> _Try it_: Begin with the line containing "DSC_0077.jpg" and reproduce it and all later lines exactly, through the last line of the records. Add nothing else.
● ● ● ● ●
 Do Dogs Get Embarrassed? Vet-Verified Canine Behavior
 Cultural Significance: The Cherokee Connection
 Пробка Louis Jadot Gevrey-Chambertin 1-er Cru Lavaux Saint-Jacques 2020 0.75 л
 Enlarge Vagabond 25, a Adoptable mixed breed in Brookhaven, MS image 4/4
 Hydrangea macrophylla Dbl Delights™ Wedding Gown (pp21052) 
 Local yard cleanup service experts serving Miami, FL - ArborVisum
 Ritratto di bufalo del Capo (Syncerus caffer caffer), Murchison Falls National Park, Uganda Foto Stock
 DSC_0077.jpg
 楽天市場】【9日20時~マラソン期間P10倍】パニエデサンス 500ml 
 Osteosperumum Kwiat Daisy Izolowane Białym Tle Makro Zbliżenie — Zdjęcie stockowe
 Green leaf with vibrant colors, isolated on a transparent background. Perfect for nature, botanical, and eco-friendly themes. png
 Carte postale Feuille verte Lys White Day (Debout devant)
● ● ● ● ●
> _Solution_:
 DSC_0077.jpg
 楽天市場】【9日20時~マラソン期間P10倍】パニエデサンス 500ml 
 Osteosperumum Kwiat Daisy Izolowane Białym Tle Makro Zbliżenie — Zdjęcie stockowe
 Green leaf with vibrant colors, isolated on a transparent background. Perfect for nature, botanical, and eco-friendly themes. png
 Carte postale Feuille verte Lys White Day (Debout devant)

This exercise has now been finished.